Ariel Adams, editor in chief of the horological site A Blog to Watch, feels some watchmakers’ responses to the Apple Watch may turn out to be wasted effort, if the software is not coming from a partnership with one of the big guns. “I applaud them for participating in the world of wearables, but I don’t really see where their angle is, because there’s nothing they’re going to do that will allow them to compete with Google, Apple, Samsung,” he said. “Savvy consumers are going to be able to tell what is good and what is not.”
By comparison Adams recounts his reaction to high-end luxury mobile phones such as the $22,000 Vertu. “What are you trying to do? You’re never going to be able to compete when it comes to the software. Maybe you’ll make a nicer handset, but why don’t you just make nice cases for the iPhone?”
To that end, TAG Heuer’s offering, in partnership with Google and Intel, is powered by Google’s Android Wear and will cost around $1,400 when it comes out in November, but no one’s seen a prototype yet.

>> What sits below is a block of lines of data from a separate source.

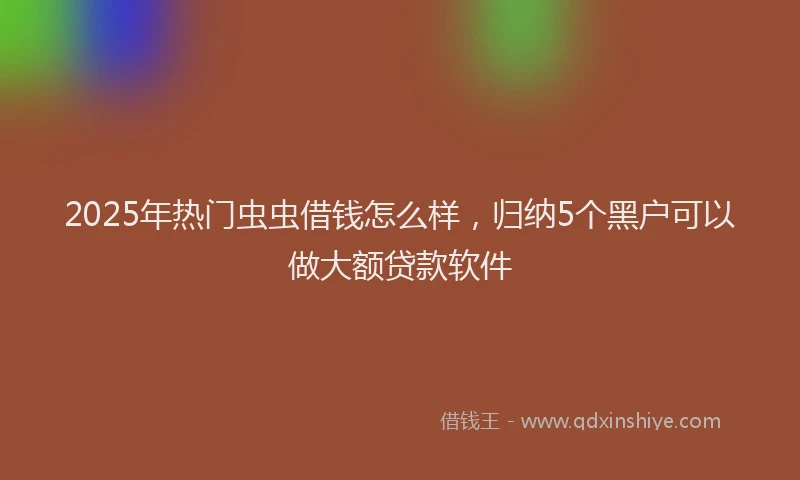 2025年热门虫虫借钱怎么样，归纳5个黑户可以做大额贷款软件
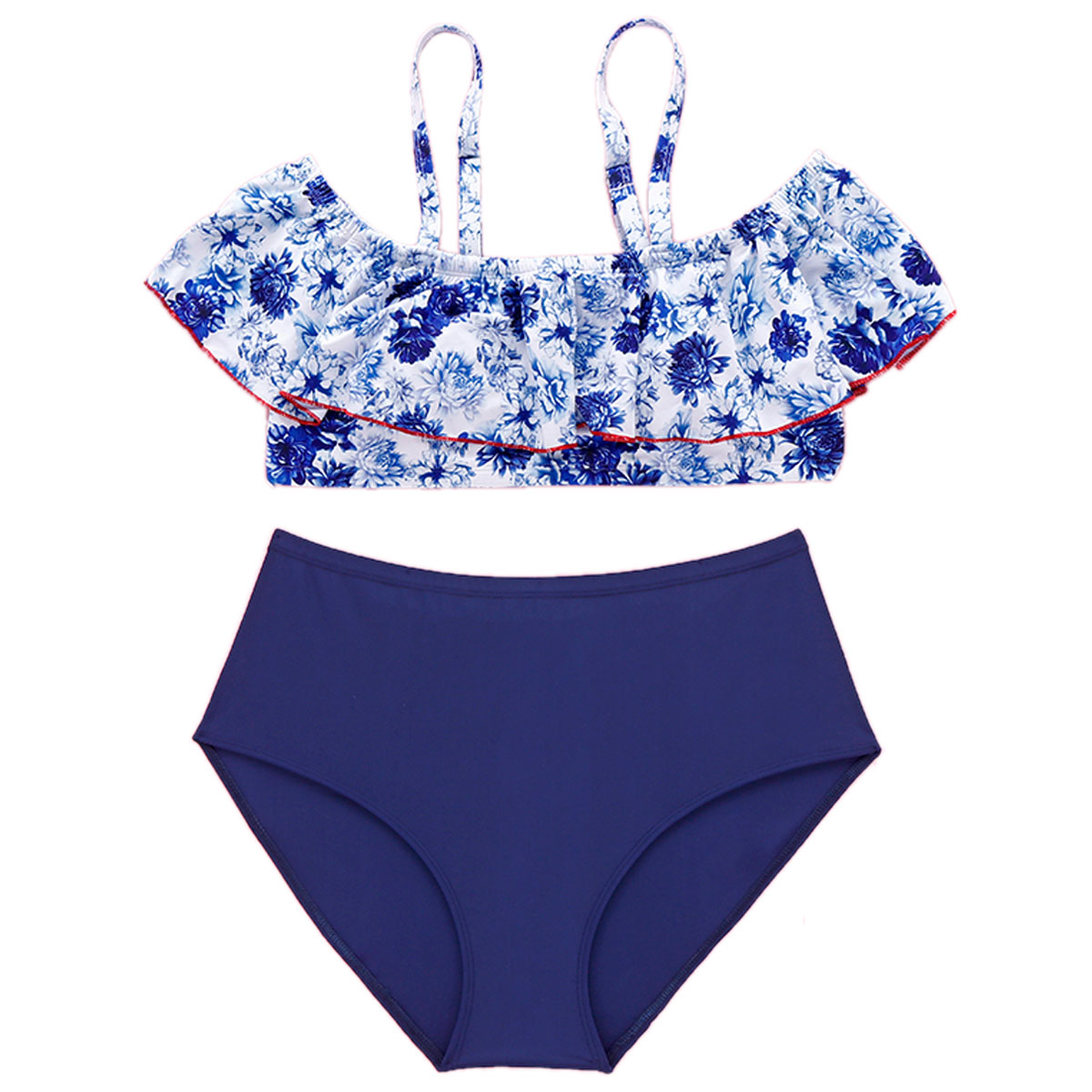 Peony Ruffle-Strap high waist sexy swimwear plus size bikini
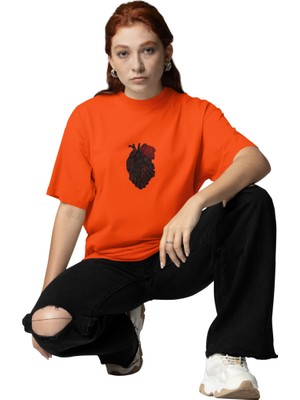 Unisex Baskılı Tişört - Kalplerin Birleşmesi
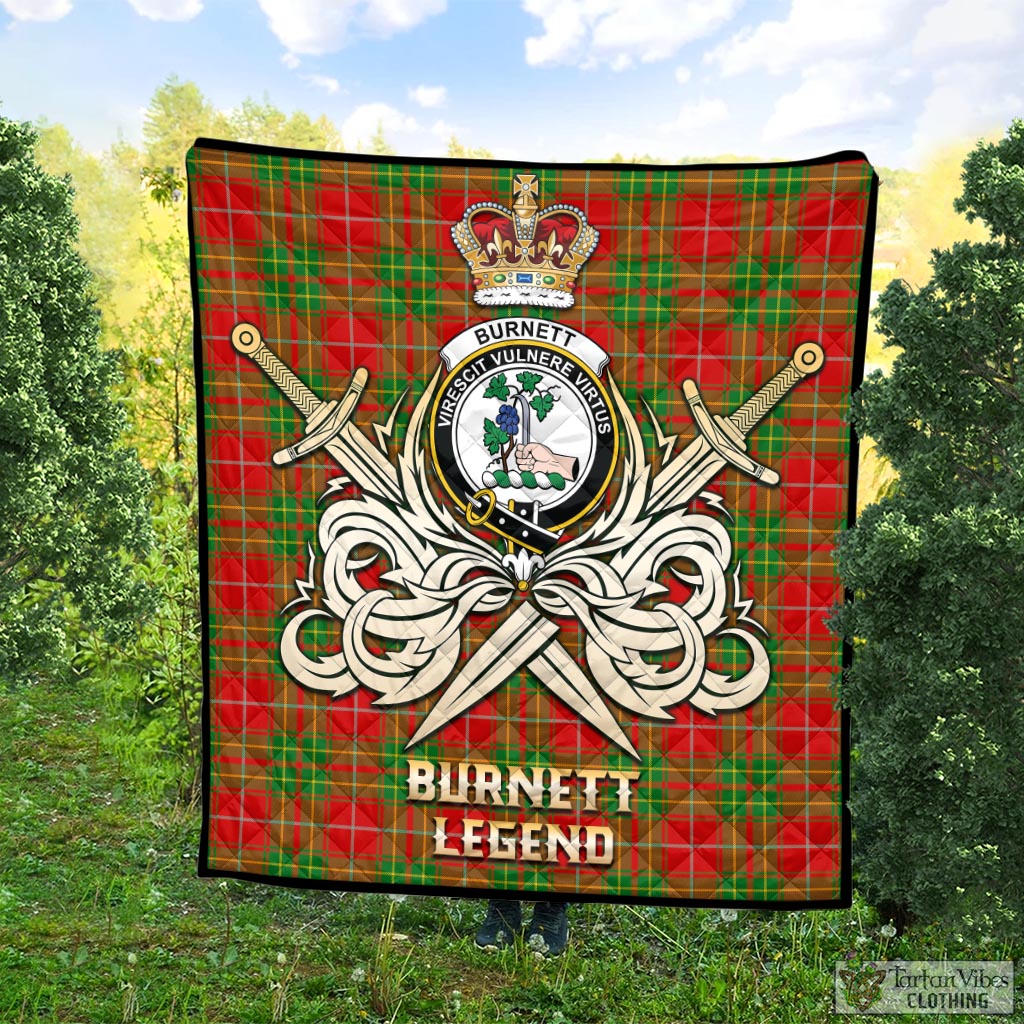 Tartan Vibes Clothing Burnett Ancient Tartan Quilt with Clan Crest and the Golden Sword of Courageous Legacy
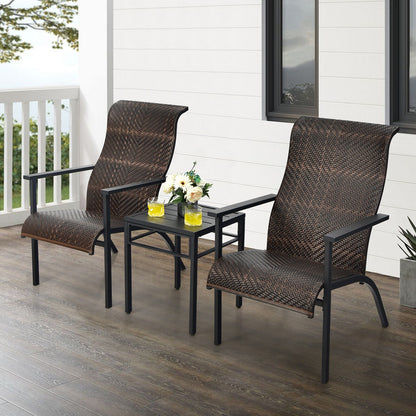 3 Pieces Patio Rattan Bistro Set with High Backrest and Armrest, Brown Patio Conversation Sets at Gallery Canada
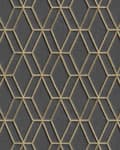Miniatyrbild 1 av 3: Non woven-tapet geometrisk Profhome DE120066-DI präglad glansigt färg antracit guld 5,33 m2
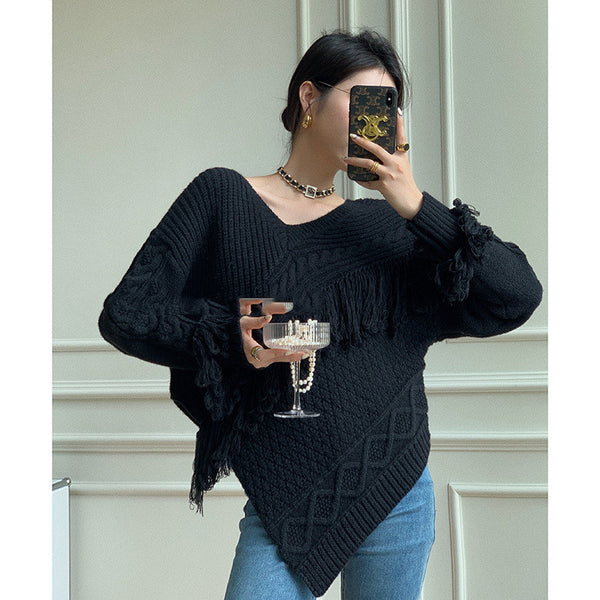Suéter Cuello V con Borlas - Diseño Elegante para Mujer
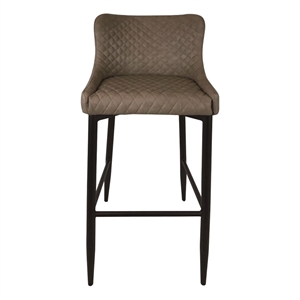 Contemporary Upholstered Bar Stool with Gray Polyurethane Tufted Seat Set of 2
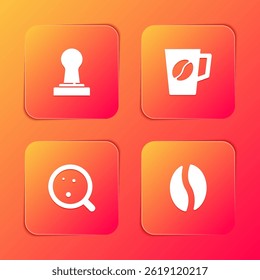 Set Coffee tamper, cup,  and beans icon. Vector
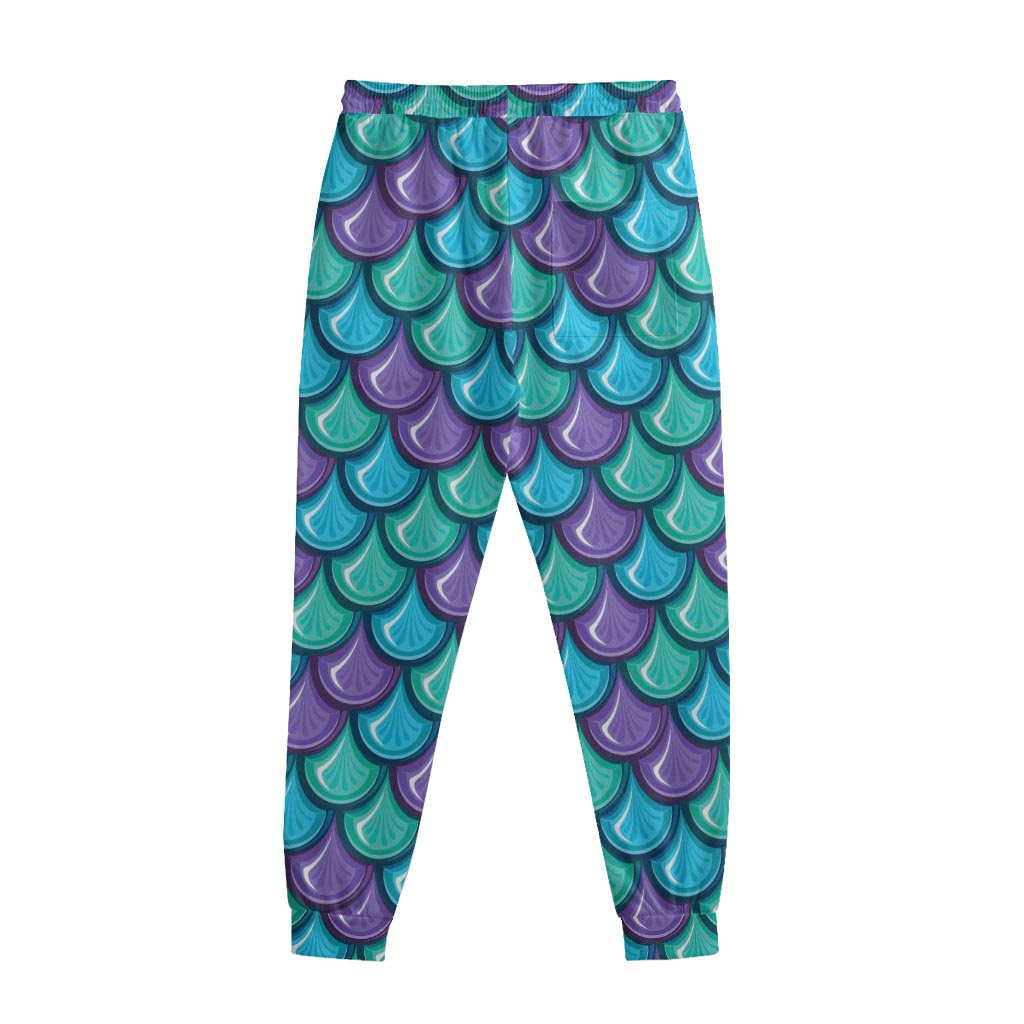 Teal Mermaid Scales Pattern Print Sweatpants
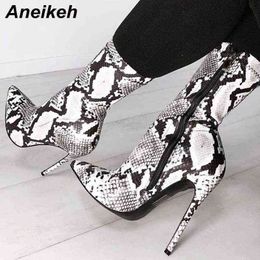 Aneikeh Bahar Moda Yeni Pu Python Desen Orta Buzağı Kadın Botları 11cm İnce Topuklu Noktalı Ayak Parmağı Seksi Parti Pompaları 220421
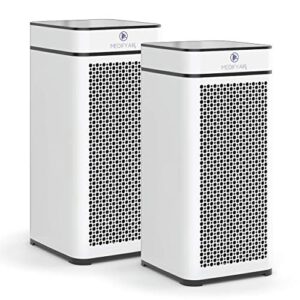 medify ma-40-uv air purifier with true hepa h14 filter + uv light | 840 sq ft coverage | for allergens, wildfire smoke, dust, odors, pollen, pets | quiet 99.7% removal to 0.1 microns | white, 2-pack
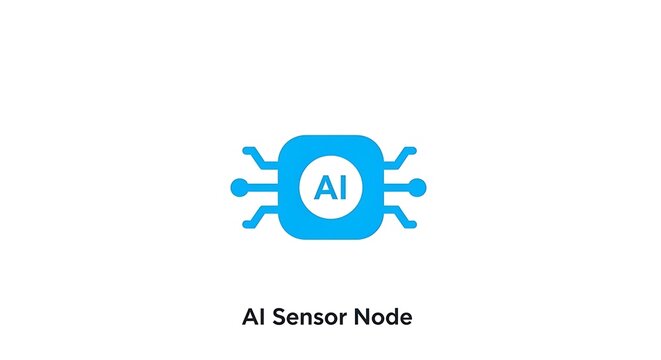 A blue ai sensor node icon with rounded square and connections on a white background illustration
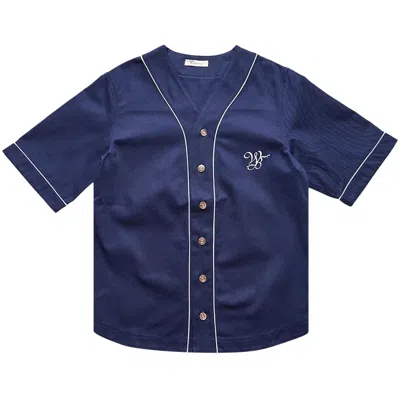 Pre-owned Wales Bonner Freestyle Shirt 'navy' | Blue | Men's Size 48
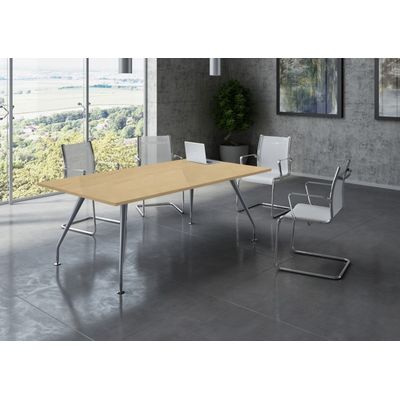 Table de réunion PLAZA - L200 x H72 x P90 - Pieds métal - Plateau hêtre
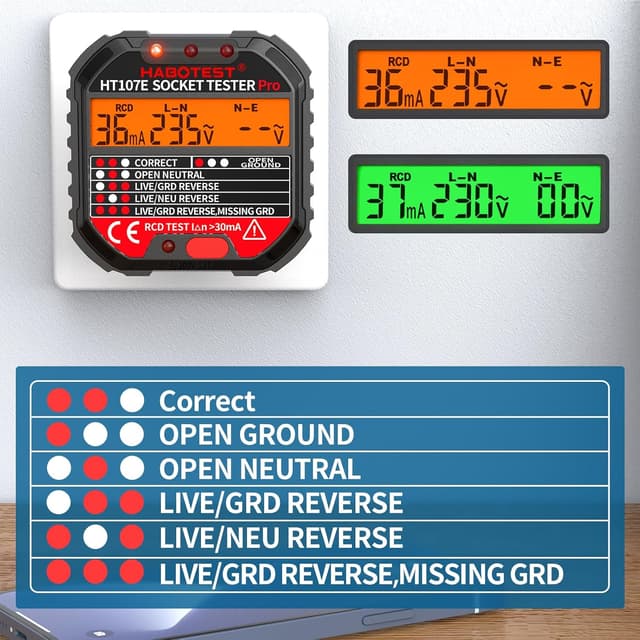 Detalle 2 de YOJOCK Socket Tester RCD Plug Outlet Tester with LCD Display (Electrical Receptacle Detector)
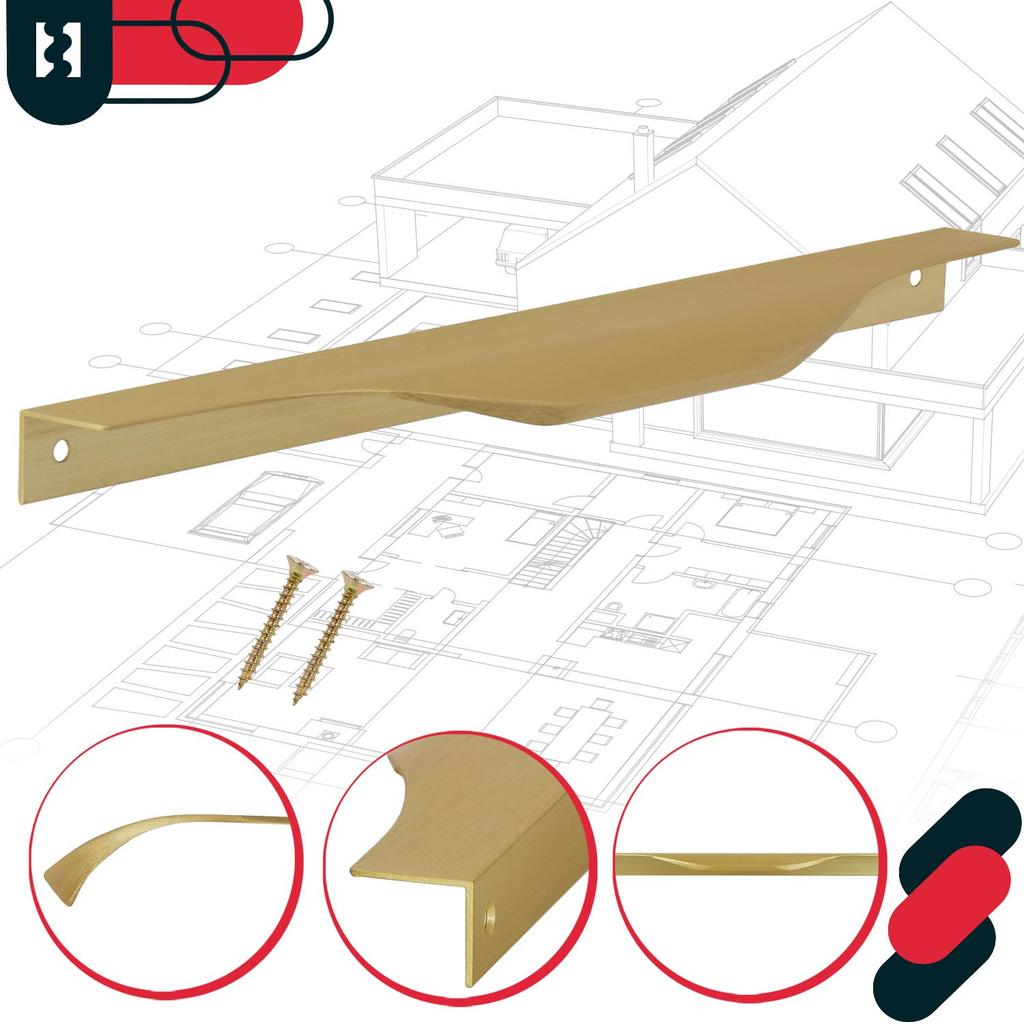 Kotarbau® Modern Edge Furniture Handle Aluminum Matte Gold 256 / 276 Mm Set Of 2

Frederique Constant and Alpina is developing a phone-agnostic Horological Smartwatch powered by MotionX that monitors sleep, syncs with smartphones to share fitness metrics, doesn’t have a digital screen, and doesn’t require charging . Breitling is working on its B55 Connected, which has both analog and digital displays.
Swiss watchmaker Montblanc, on the other hand, seems to be guided by the idea that since technology is fleeting and soon rendered obsolete, a quality watch should last for many decades with proper care. Therefore, Montblanc put the technology into an electronic watch band that will be released next month, which displays emails, has an activity tracker, can control the music in the user’s phone, and has a selfie-enabling trigger for the user’s phone camera. The e-strap goes for $390 and is for use with its TimeWalker watches, which range $3,700 to $5,800.
One name conspicuously missing from these announced plans so far is perhaps the first to come to mind for luxury wristwatches: Rolex. (The company didn’t respond to Fortune’s request for comment.) “Those who enjoy getting the latest gadget will get the latest gadget,” said Randy Brandoff, CEO and founder of Eleven James, which rents luxury watches by subscription. “But it’s not going to replace years of wearing a Rolex. It’s just different.”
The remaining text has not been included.